Department for Exiting the European Union

Department overview
- Formed: 14 July 2016
- Dissolved: 31 January 2020 23:00 GMT
- Superseding department: Cabinet Office; Foreign, Commonwealth and Development Office;
- Jurisdiction: United Kingdom
- Headquarters: 9 Downing Street, London, England
- Employees: 700+
- Minister responsible: Steve Barclay, Secretary of State for Exiting the European Union (Last);
- Department executive: Clare Moriarty, Permanent Secretary;
- Website: Official website

= Department for Exiting the European Union =

Former department of the UK Government

The Department for Exiting the European Union (DExEU; also known as the Department for Brexit or Brexit Department) was a department of the Government of the United Kingdom responsible for overseeing negotiations relating to Brexit, and establishing the future relationship between the United Kingdom and the EU. It was formed by the Prime Minister, Theresa May, in July 2016, in the wake of the referendum vote to leave the European Union. The department was dissolved on 31 January 2020 when Brexit took effect.

The department was formed by combining staff from the Cabinet Office’s Europe Unit, the Europe Directorate of the Foreign and Commonwealth Office, and the United Kingdom's Permanent Representation to the EU, and was able to take on staff from other government departments as necessary.
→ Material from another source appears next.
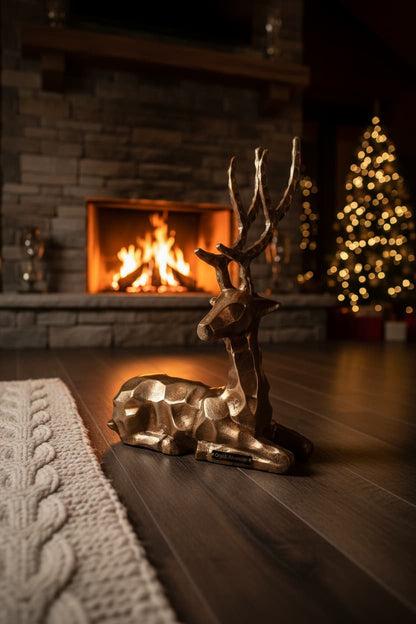 Erdem Gold Finish Sitting Stag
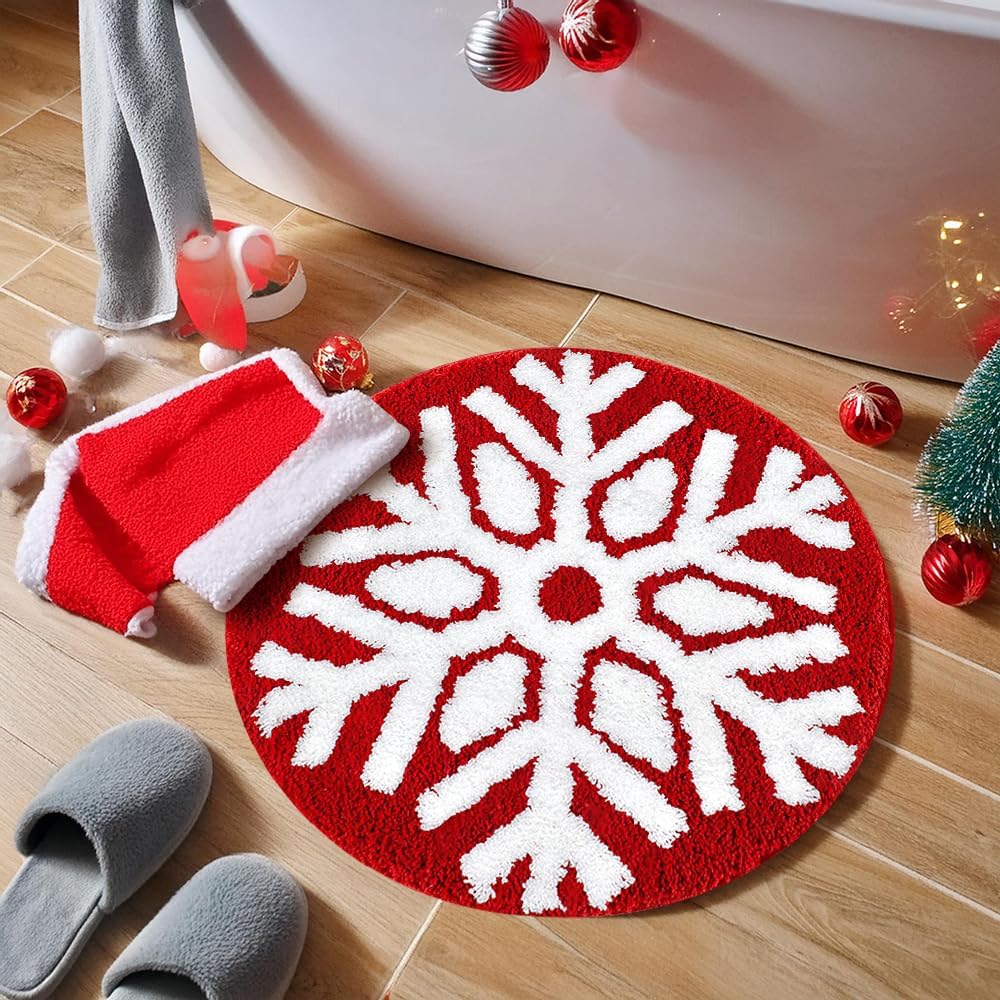 Alfombras baño Navidad copos nieve rojos antiderrap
The department was overseen by David Davis MP until he resigned on 8 July 2018. Dominic Raab was appointed as Secretary of State for Exiting the European Union on 9 July 2018, but resigned on 15 November 2018 over the draft withdrawal agreement. His replacement was announced on 16 November 2018 to be Steve Barclay.

== Responsibilities ==
The responsibilities of the department included:

1. Achieve the best possible outcome for the UK's departure from the EU; and build a new ambitious, deep and special future partnership between the UK and the EU.
2. Coordinate delivery and legislation across government, to ensure the UK is prepared for all scenarios, including a smooth transition to our future relationship with the European Union.
3. Engage with Parliament, Member States and interested parties at home and abroad to shape a successful exit from the EU and to help build an ambitious future relationship.

==Ministers==
The Ministers in the Department for Exiting the European Union were as follows:

| Minister | Rank | Portfolio |
|---|---|---|
| Steve Barclay MP | Secretary of State for Exiting the European Union | Overall responsibility for the work of the department; including work to support the UK's negotiations to leave the EU and to conduct the negotiations in support of the Prime Minister |
| Martin Callanan, Baron Callanan | Minister of State for Exiting the European Union | Departmental business in the House of Lords, EU ongoing business, general affairs council, JMC(E), civil society, and EU institutions |
| James Duddridge MP | Parliamentary Under-Secretary of State for Exiting the European Union | Legislation and constitution; citizens and networks (including justice, data and Near Neighbours); market access, trade and Future Economic Partnership; security; Northern Ireland and Ireland; business engagement (including SME champion); Devolved Administrations; English Regions; Overseas Territories and Crown Dependencies. |

The first Permanent Secretary at the department was Oliver Robbins. In September 2017, Robbins left the department as the prime minister appointed him the EU adviser in the Cabinet Office. In October 2017, Philip Rycroft was appointed the new Permanent Secretary, having previously been the department's Second Permanent Secretary. After his departure in March 2019, he was replaced by Clare Moriarty, previously Permanent Secretary of the Department for Environment, Food and Rural Affairs.

== Staff ==
In March 2018 government data stated the department had 636 full-time equivalent posts, rising to 651 in August 2018 (excluding contractors, management consultants and fast streamers) on an average (mean) monthly wage of £5,890 including allowances.